Looking for something fun to do with your kids? Don’t just go to the movies, make one at home!
It has been a busy year at our house hosting movie premieres. This year, our exclusive screenings of “Oh, Oh, Crash”, “Up, Up and Away”, and “Fire, Fire” (the disaster movie trilogy) were a proud three minutes for our 4-year-old director/ producer/actor. Movie making may be big business in NZ now, but small Kiwi directors love producing films too (Peter Jackson started with low budget productions). All children, from preschool to high school, can enjoy the film making process, and making a movie will certainly keep them entertained for a lot longer than watching one.
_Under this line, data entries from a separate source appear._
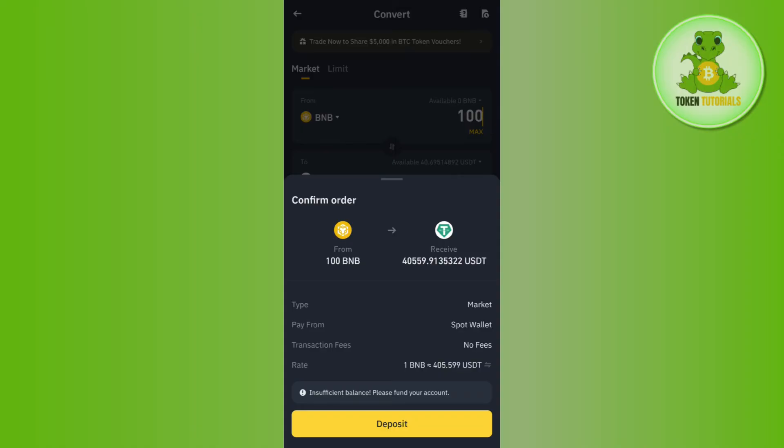It will also show you a bunch of other details relating to your transaction. You will have to tap on the Deposit button at the bottom in order to convert it.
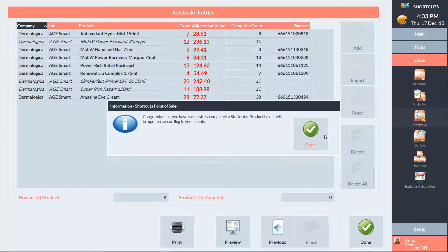Now shortcuts is informing us that we've completed the stock take and our product levels have been adjusted accordingly, so we can press done to finish.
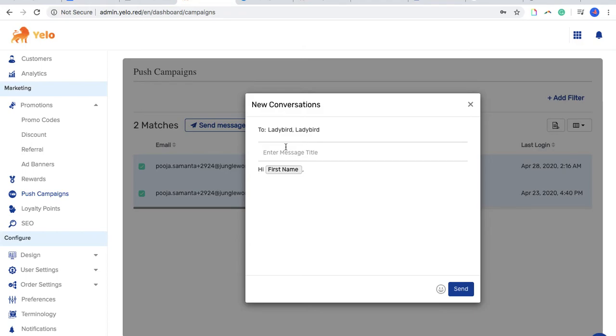The most important thing: this push campaign actually works like a notification on the apps and on the web as well, so end of season sale.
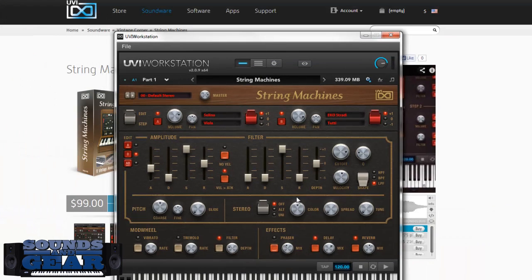So you get the idea — this really covers that analog synthesizer string sound really well. This is not something for traditional orchestral strings or even Mellotron strings; it's more for that analog string synth sound, and they cover it well. I like being able to mix and match different instruments across the different layers, and effect and tweak each layer independently.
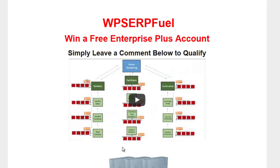Hi guys, Abz here. In this video, I'm going to be picking several lucky winners for the WP SerpFuel Enterprise Plus Edition.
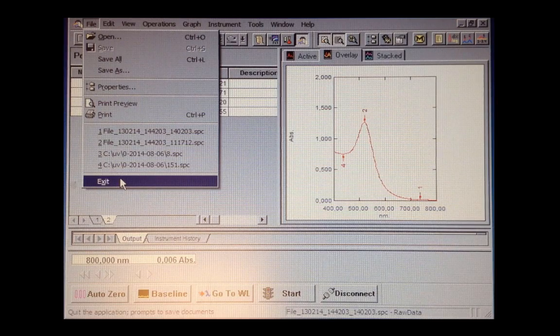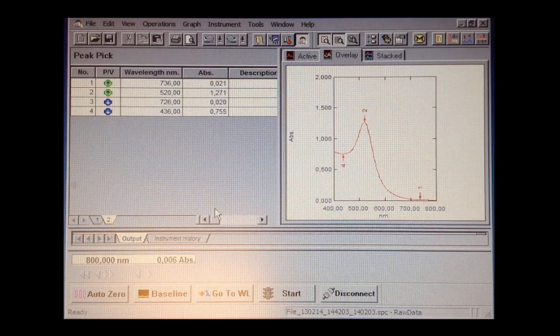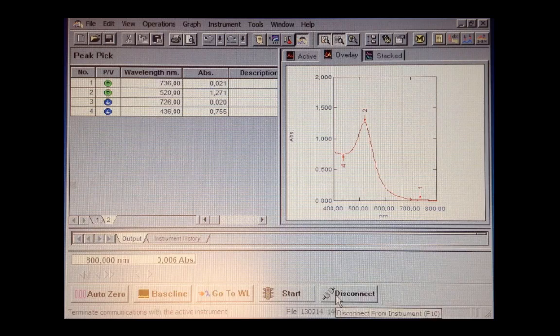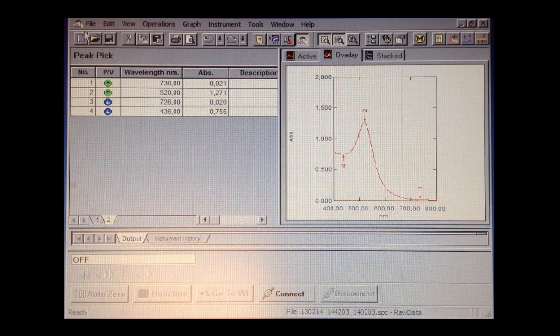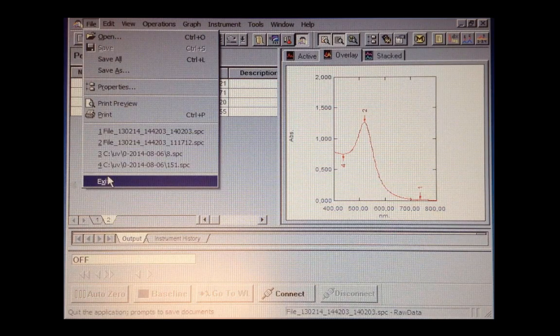If you want to end your experiment, just click exit. But before you do that, remember to disconnect the computer and the UV-Vis spectrometer, and then click exit.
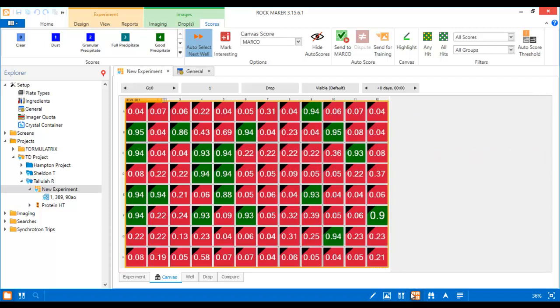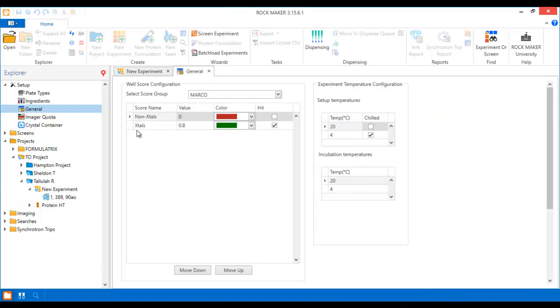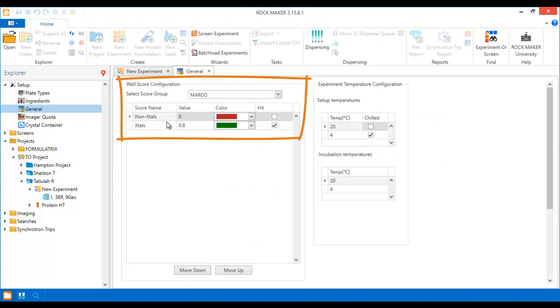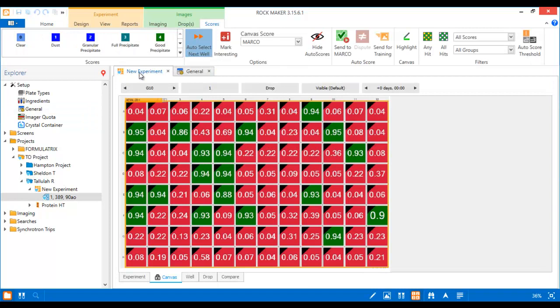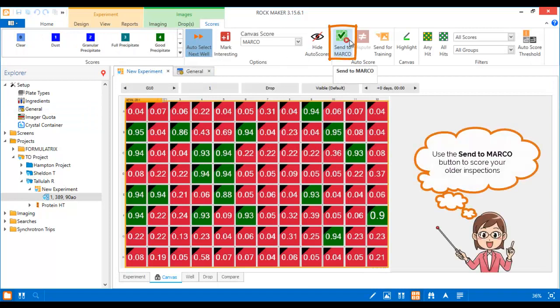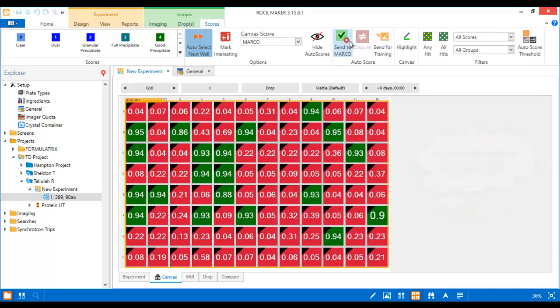Those score colors and values can be customized in the WellScore configuration panel so that Marco can work with you just as you like. Marco will always score any new images automatically without you telling it to do so. There's also a Send to Marco button on the Scores tab, which you can use to score your older inspections that you collected prior to enabling Marco in Rockmaker.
Movie making is not only fun, but covers a huge number of skills as well. Your children will be discussing plots, organising their ideas into a storyboard, setting up scenes, acting or animating, using a camera, helping to edit, choosing background music and creating cute voice overs. Being able to use language in an imaginative way is what we are aiming for with our children (it means they have reached the language learning summit), so activities that boost imagination are essential.
what are you plotting?
When movie making with your older children, encourage and help draw out longer, more complex plots: brainstorm together, rewrite, and enjoy the back and forth process of scripting. With preschoolers, just see what they come up with and go with that, even if it’s a bit random. Initially, we made a pen and paper storyboard.
It was helpful to have a physical strip of squares (representing about 5-6 scenes) to show how a story can be put into a picture sequence, with a beginning, a middle and an end. There are some online storyboarding tools for kids to use. We quite liked using the tools at http://kidsvid.4teachers.org. They have some good tips for movie making too, including short videos about different camera techniques.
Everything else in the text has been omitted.